Chile’s high savings rate and limited number of large companies mean there is a shortage of assets available for investment, according to Valentin Carril, who oversees $5 billion as the chief investment officer at Principal Vida Chile in Santiago and often buys foreign bonds that he swaps back into local currency.
Chile has the fourth-highest gross national savings rate in South America after Venezuela, Ecuador and Bolivia, according to International Monetary Fund data.
The Goldman Sachs bond sale “is very appropriate for life insurers like ourselves,” Carril said. “It’s diversification and we don’t have to worry about currency derivatives. When the process of opening up markets was announced, I don’t think they really envisaged American companies coming here. It’s big news. This is part of Chile becoming more open to the world.”
Chilean life insurers would welcome a bond due in about 30 years as it allows them to match the average duration of their portfolios with the duration of the annuities they sell, Carril said. The government plans to sell 30-year fixed-rate bonds for the first time this year.
Banco Santander Chile is advising Goldman Sachs on the transaction, according to an e-mailed statement from the Santiago-based bank’s press office.
Goldman Sachs’s offering in Chile will also help the bank “further diversify” its investor base, DuVally said.
Nathan Pincheira, an economist at Banchile Corredores de Bolsa SA in Santiago, says that while Chile has one of the “deepest markets for inflation-linked bonds,” companies can get cheaper financing abroad.
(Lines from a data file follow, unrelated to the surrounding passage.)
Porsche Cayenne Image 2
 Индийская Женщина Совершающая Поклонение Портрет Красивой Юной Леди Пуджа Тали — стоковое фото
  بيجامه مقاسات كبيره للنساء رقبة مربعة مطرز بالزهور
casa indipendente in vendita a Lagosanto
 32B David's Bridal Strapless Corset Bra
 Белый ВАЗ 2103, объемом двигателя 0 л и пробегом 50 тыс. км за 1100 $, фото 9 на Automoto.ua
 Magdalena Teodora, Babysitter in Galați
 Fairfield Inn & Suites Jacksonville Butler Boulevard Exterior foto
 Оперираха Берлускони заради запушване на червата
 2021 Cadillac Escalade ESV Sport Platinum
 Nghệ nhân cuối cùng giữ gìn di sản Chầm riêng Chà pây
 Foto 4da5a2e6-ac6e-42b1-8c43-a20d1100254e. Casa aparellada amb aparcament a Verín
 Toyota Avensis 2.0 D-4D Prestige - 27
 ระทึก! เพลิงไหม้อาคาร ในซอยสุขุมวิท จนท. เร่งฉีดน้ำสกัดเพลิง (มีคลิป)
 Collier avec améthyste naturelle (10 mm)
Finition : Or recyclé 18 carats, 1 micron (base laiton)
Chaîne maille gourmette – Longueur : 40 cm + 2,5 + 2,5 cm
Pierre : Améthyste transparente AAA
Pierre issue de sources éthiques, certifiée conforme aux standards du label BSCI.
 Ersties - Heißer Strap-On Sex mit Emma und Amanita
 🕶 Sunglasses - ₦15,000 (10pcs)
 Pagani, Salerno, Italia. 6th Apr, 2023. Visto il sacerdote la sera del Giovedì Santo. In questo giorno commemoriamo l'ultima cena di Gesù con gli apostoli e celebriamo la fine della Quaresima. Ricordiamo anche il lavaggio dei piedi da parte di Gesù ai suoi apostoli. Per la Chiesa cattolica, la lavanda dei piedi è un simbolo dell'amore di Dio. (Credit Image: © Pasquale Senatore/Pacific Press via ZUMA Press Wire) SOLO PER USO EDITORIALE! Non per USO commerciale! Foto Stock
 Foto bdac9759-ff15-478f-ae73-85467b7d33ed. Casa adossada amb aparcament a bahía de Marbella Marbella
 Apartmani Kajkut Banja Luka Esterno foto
The extra cost of selling 10-year inflation-linked bonds in Chile and swapping it back into dollars is about eight basis points, or 0.08 percentage point, according to Bloomberg calculations that exclude the cost of the transaction.
Selling bonds in Colombia would also be cheaper. Its government bond yields have fallen 60 basis points this year, making it about 1 percentage point cheaper to sell notes in Colombian pesos and then swap to dollars.
“I don’t know how attractive it may be from a yield point of view as rates abroad are lower than local ones,” Pincheira said in a telephone interview.
Chile introduced its inflation-linked accounting unit in 1967. Seventy-percent of the country’s local debt market is denominated in unidades de fomento.
The yield on 10-year inflation-linked government bonds fell 10 basis points in February to 2.58 percent. The yield on 10-year fixed-rate bonds dropped four basis points to 5.6 percent.
The extra yield, or spread, investors demand to buy Chile’s 10-year dollar bonds instead of U.S. Treasuries widened 21 basis points this month to 88 basis points. The spread was at a record low 51 basis points on Jan. 25.
The cost of protecting Chilean bonds against default for five years rose one basis point to 69 basis points at 2:46 p.m. in New York. Credit-default swaps pay the buyer face value in exchange for the underlying securities or the cash equivalent if the borrower fails to adhere to its debt agreements.
The peso has appreciated 1.3 percent this year. It closed unchanged today to 473.04 per U.S. dollar.
Chile has a so-called flat yield curve compared with the U.S., which means companies can obtain lower borrowing costs for similar-maturity debt, according to Gonzalo Menendez, the chief investment officer for mutual funds at Cruz del Sur Administradora General de Fondos in Santiago.
Chile’s 30-year inflation-linked bonds yield 2.8 percent, eight basis points more than 20-year debt and 22 basis points more than 10-year notes. U.S. Treasuries due in 30 years yield 3.10 percent, or 1.21 percentage points more than the 10-year securities.
“The local long-term yield curve is very flat; this means that they can pay a lower yield than if they went to sell at a similar maturity in another country,” Menendez said in a telephone interview. “Demand will come mostly from insurance companies, to match their long-term assets with their liabilities.”